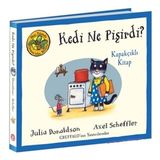 Aesco Kedi Ne Pişirdi? - Meşe Palamudu Ormanı’ndan Masallar (Kapakçıklı Kitap)
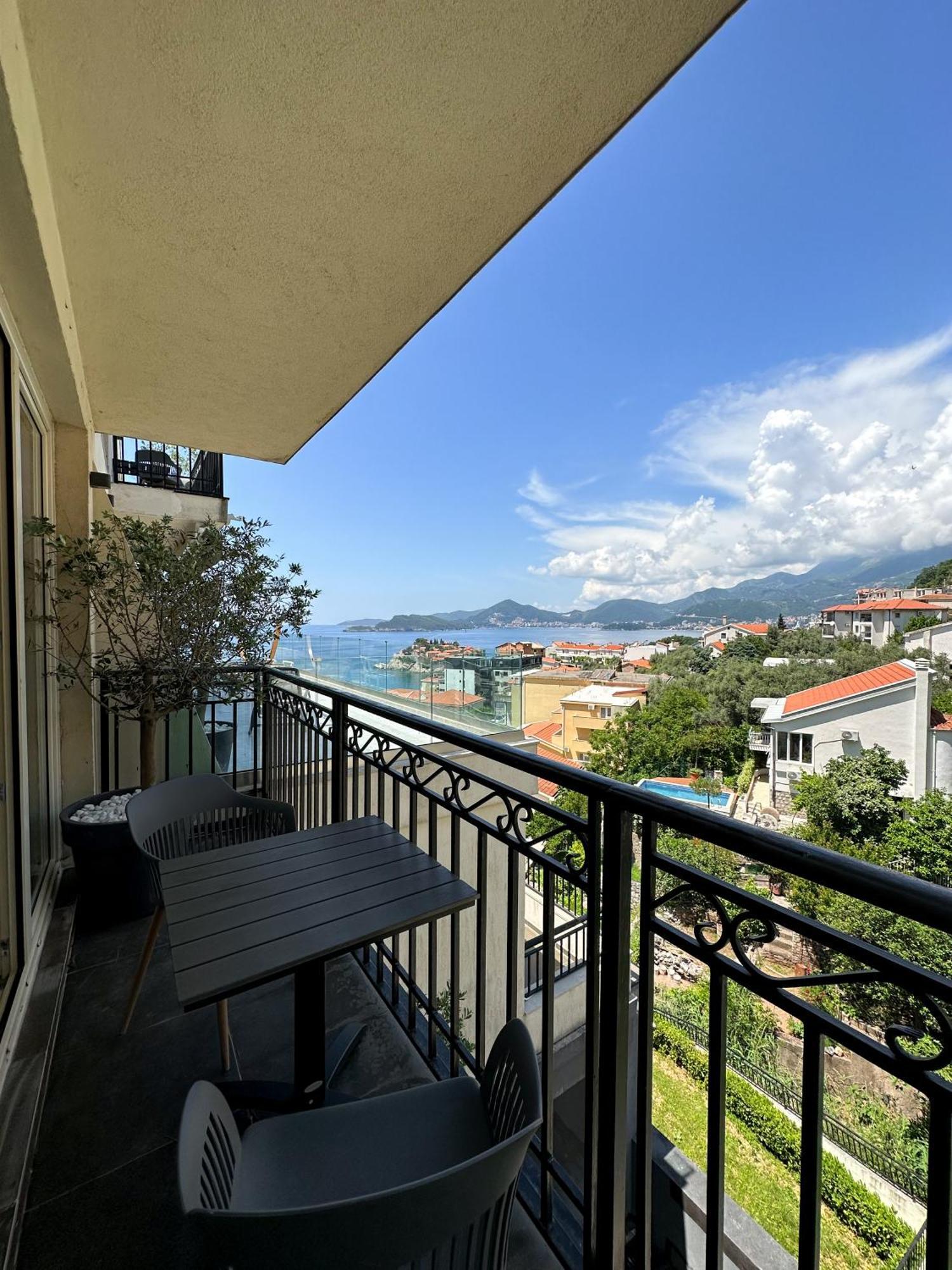 Vertmont Villa Sveti Stefan Exterior photo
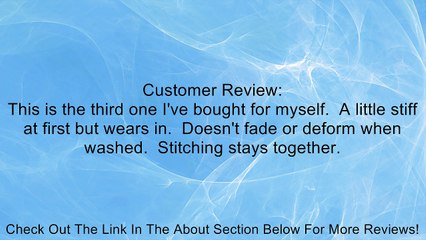 Dodge Viper Black Baseball Cap Review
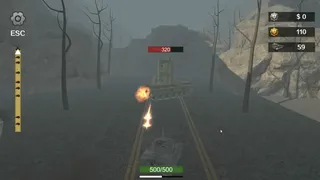 Скриншот 3 к игре The Last of the Summer Tank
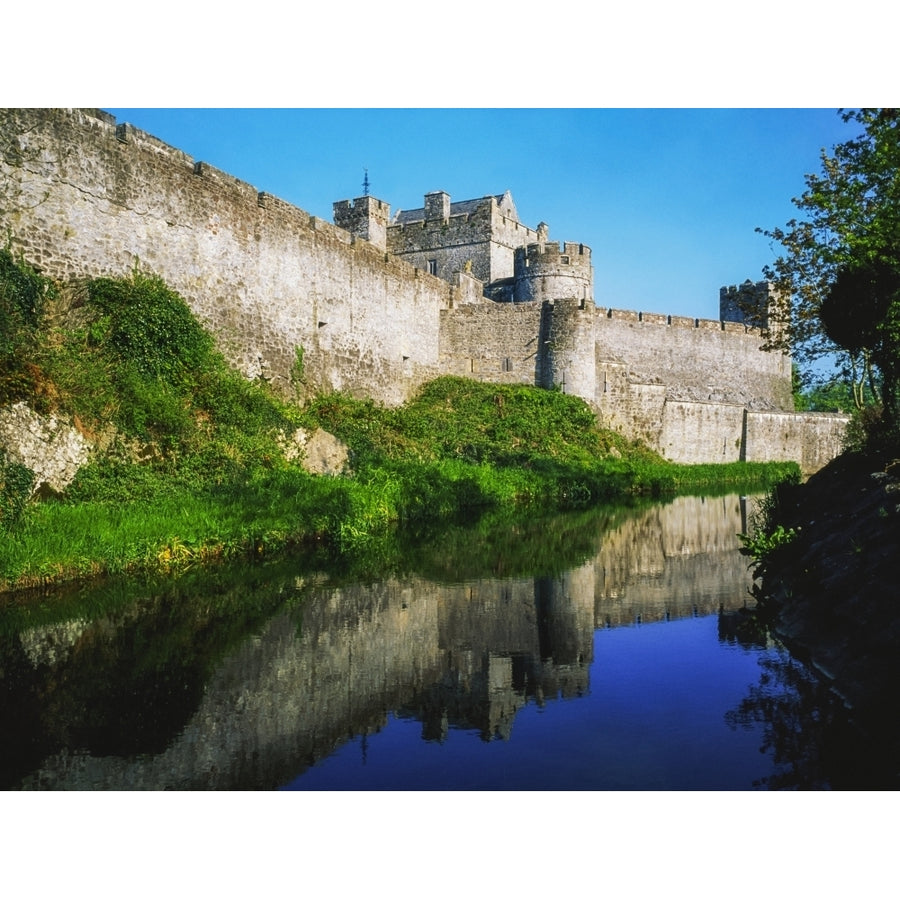 Co Tipperary Cahir Castle by The Irish Image Collection / Design Pics Image 1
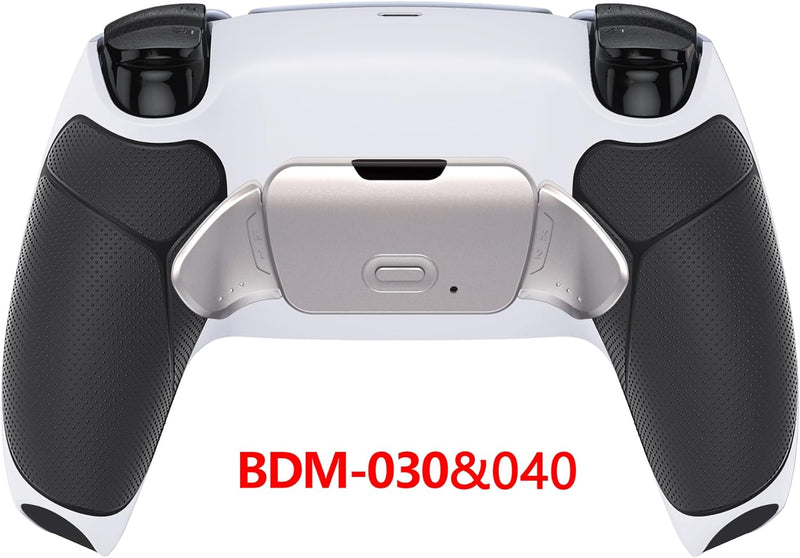 eXtremeRate Programmierbares Rise (RMB) Remap Kit für ps5 Controller BDM-030/040, Real Metal Buttons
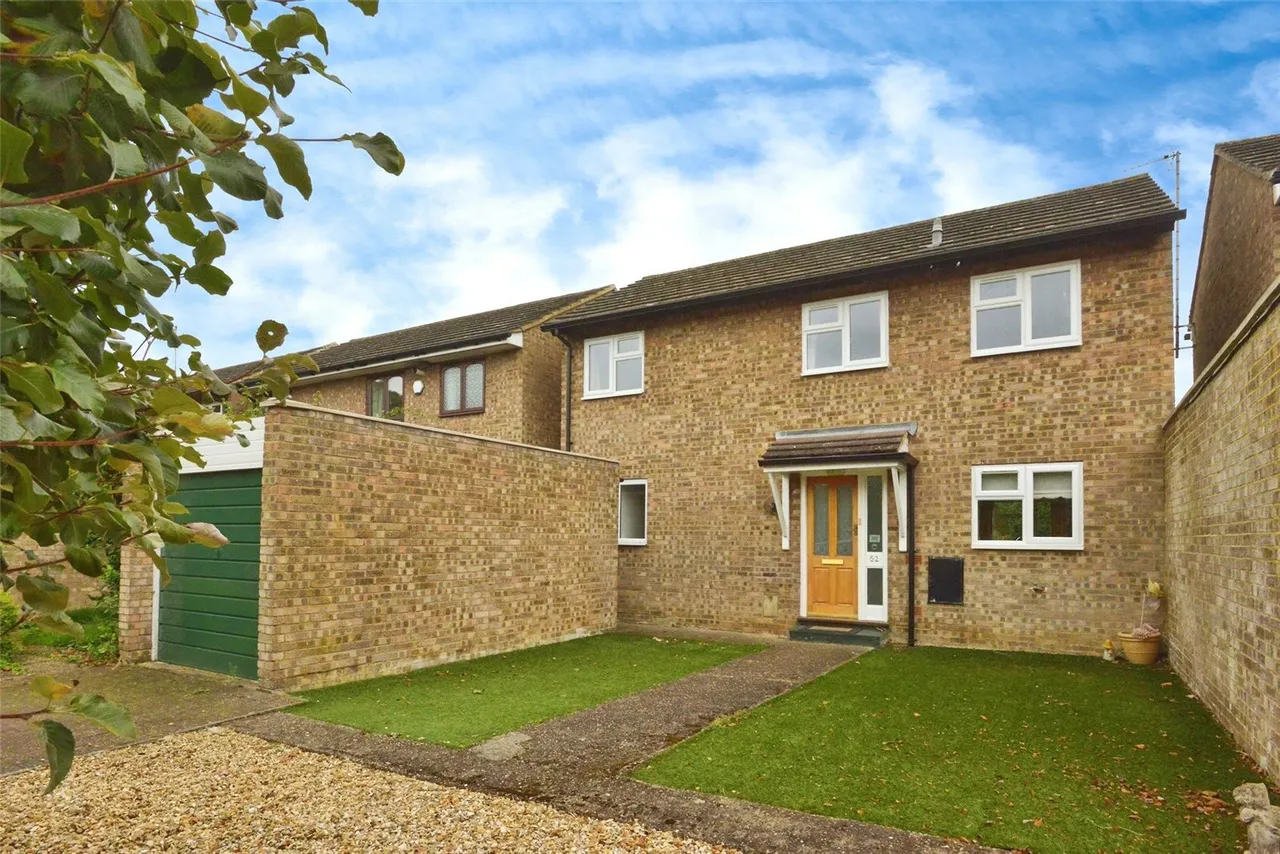 3 bed house for sale — Breton, Stony Stratford, Milton Keynes, Buckinghamshire, MK11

****

▸ **What is needed**: Once the line containing "Vertmont Villa Sveti Stefan Exterior photo" is found, it and every line through the end of the records above should be output exactly, with no pictures.

▸ **Task output**:
 Vertmont Villa Sveti Stefan Exterior photo
 Dodge Viper Black Baseball Cap Review
 Скриншот 3 к игре The Last of the Summer Tank
 Co Tipperary Cahir Castle by The Irish Image Collection / Design Pics Image 1
 eXtremeRate Programmierbares Rise (RMB) Remap Kit für ps5 Controller BDM-030/040, Real Metal Buttons
 3 bed house for sale — Breton, Stony Stratford, Milton Keynes, Buckinghamshire, MK11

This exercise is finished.